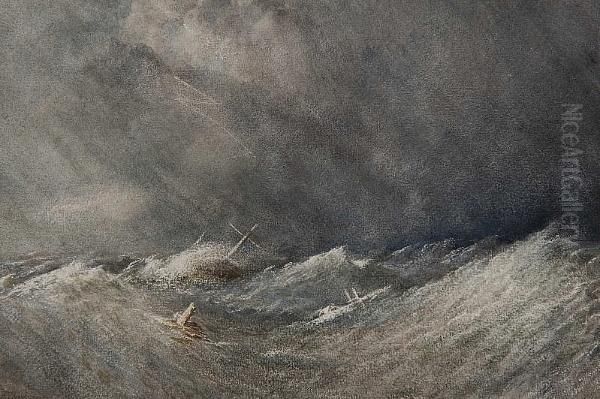 Ship Wreck In Stormy Waters - view 1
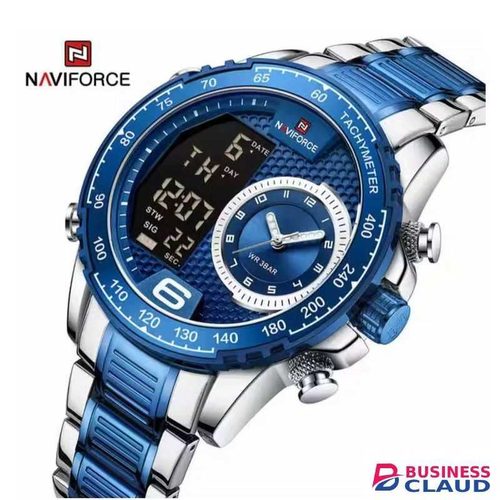 Naviforce 9199S Navy Blue Dual Watch Analog& Digital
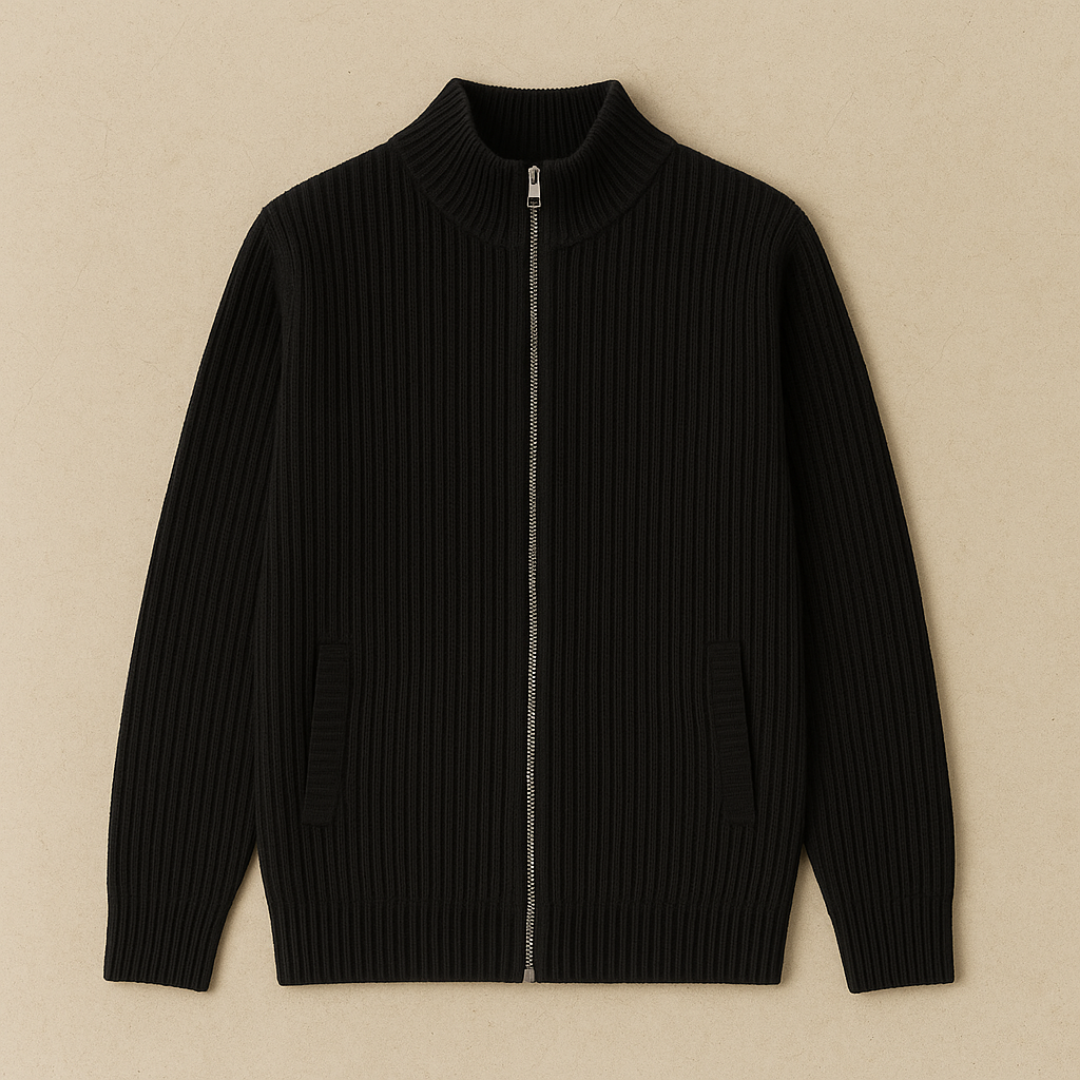 Jasper – Elegant Cashmere Knitted Vest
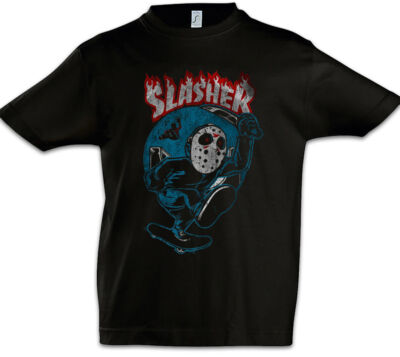 Skate Slasher Kinder Jungen T-Shirt Friday the Freitag Fun 13th Jason der 13.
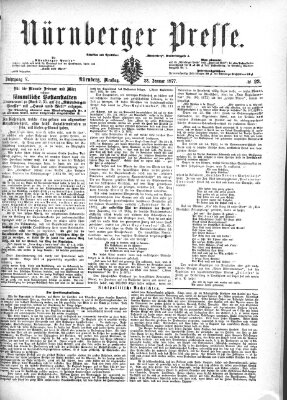 Nürnberger Presse Dienstag 23. Januar 1877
####################
◆ **PROBLEM REQUIREMENTS**
Please copy, exactly as written, the lines from the one that contains "Naviforce 9199S Navy" through the end of the records, both ends included. Do not include the pictures.

◆ **OUTPUT FOR THIS TASK**
 Naviforce 9199S Navy Blue Dual Watch Analog& Digital
 Jasper – Elegant Cashmere Knitted Vest
 Skate Slasher Kinder Jungen T-Shirt Friday the Freitag Fun 13th Jason der 13.
 Nürnberger Presse Dienstag 23. Januar 1877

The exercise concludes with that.